Dari informasi yang diperoleh Pikiran Lampung dari lingkungan partai PDIP Lampung menyebutkan jika Umar akan disandingkan dengan Tokoh NU Lampung Sujadi. Yang juga mantan Bupati Pringsewu dua periode.

Namun Umar Ajmad ketika dihubungi belum menanggapi Hal tersebut. Namun, melalui salah satu orang terdekatnya  mengatakan bahwa Umar Ahmad siap berlayar di Pilkada Lampung.

"Saat ini beliau sedang ke Jakarta untuk mengurus pencalonannya sebagai Calon Gubernur Lampung," ujar sumber yang enggan namanya ditulis ini pada  Harian Pikiran Lampung, Selasa (20/08/2024).

Ia menjelaskan, para relawan Umar Ahmad pun telah kembali bangkit untuk memenangkan jagoannya di Pilkada serentak 27 November mendatang.

"Para simpul-simpul relawan U/A mulai kembali bergerak untuk memenangkan Umar Ahmad sebagai Gubernur Lampung," pungkasnya.

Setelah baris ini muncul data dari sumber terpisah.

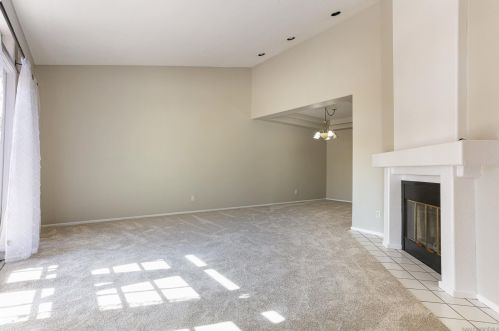 3404 Cameo Dr, Oceanside, CA 92056-6336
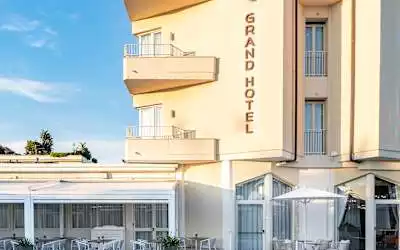 Grand Hotel mit 97 % Empfehlungsrate Grand Hotel in Forte dei Marmi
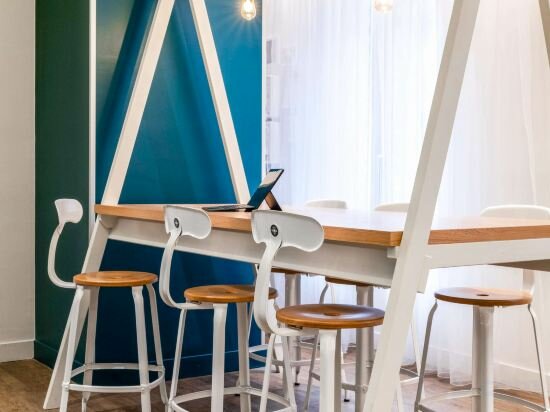 Фото Ibis Styles Asnières Centre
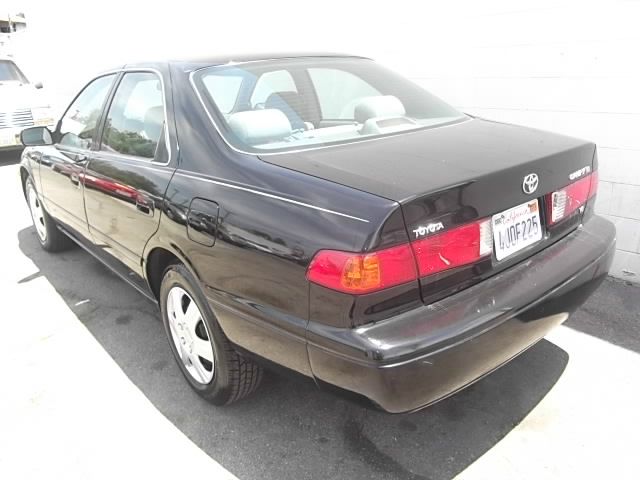 Toyota Camry 2000 photo 18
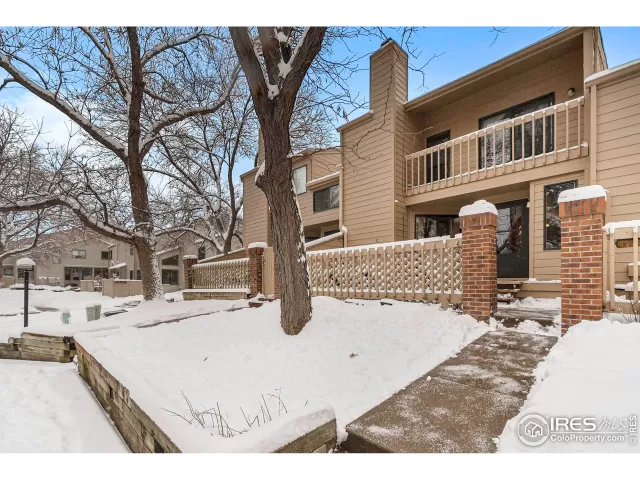 MLS: 980925 Condo For Sale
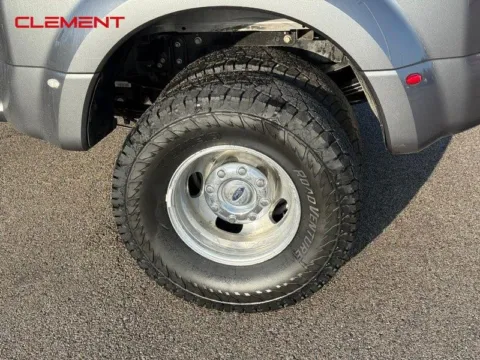 More photos of 2022 Ford F-350SD Lariat at Clement Chrysler Dodge Jeep Ram Columbia, IL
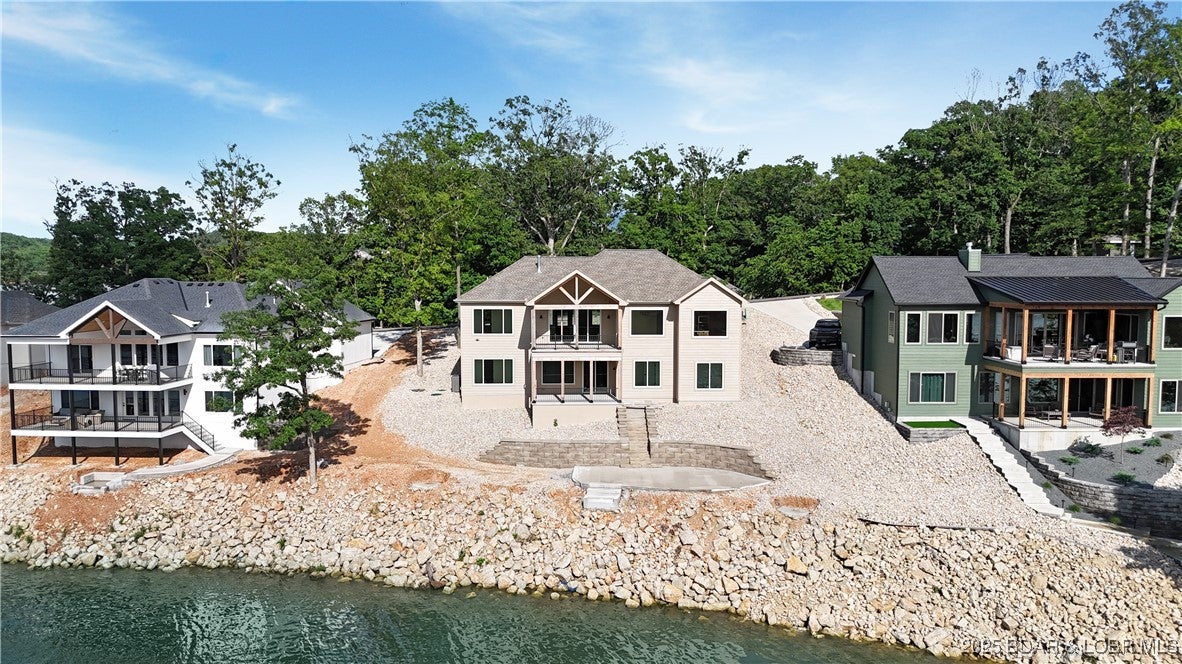 Sunrise Beach, Missouri, 65079, United States, 4 Bedrooms Bedrooms, ,5 BathroomsBathrooms,Residential,Active,1843842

Sementara, salah seorang relawan Umar Ahmad, Mirwansaah yang tergabung dalam Yusantri For U/A mengaku senang idolanya bisa berpeluang maju menjadi calon Gubernur Lampung.

"Kami akan kembali bergerak demi kemenangan Bang Umar di Pilgub Lampung," katanya.

Untuk diketahui, Mahkamah Konstitusi (MK) mengabulkan sebagian gugatan yang diajukan Partai Buruh dan Partai Gelora terhadap UU Pilkada. MK menyatakan partai atau gabungan partai politik peserta Pemilu bisa mengajukan calon kepala daerah meski tidak punya kursi DPRD.

Putusan terhadap perkara nomor 60/PUU-XXII/2024 yang diajukan Partai Buruh dan Partai Gelora itu dibacakan dalam sidang di gedung MK, Jakarta Pusat, Selasa (20/8). Dalam pertimbangannya, MK menyatakan Pasal 40 ayat (3) UU Pilkada inkonstitusional.

MK mengatakan esensi pasal tersebut sama dengan penjelasan Pasal 59 ayat (1) UU 32/2004 yang telah dinyatakan inkonstitusional oleh MK sebelumnya. MK mengatakan pembentuk UU malah memasukkan lagi norma yang telah dinyatakan inkonstitusional dalam pasal UU Pilkada.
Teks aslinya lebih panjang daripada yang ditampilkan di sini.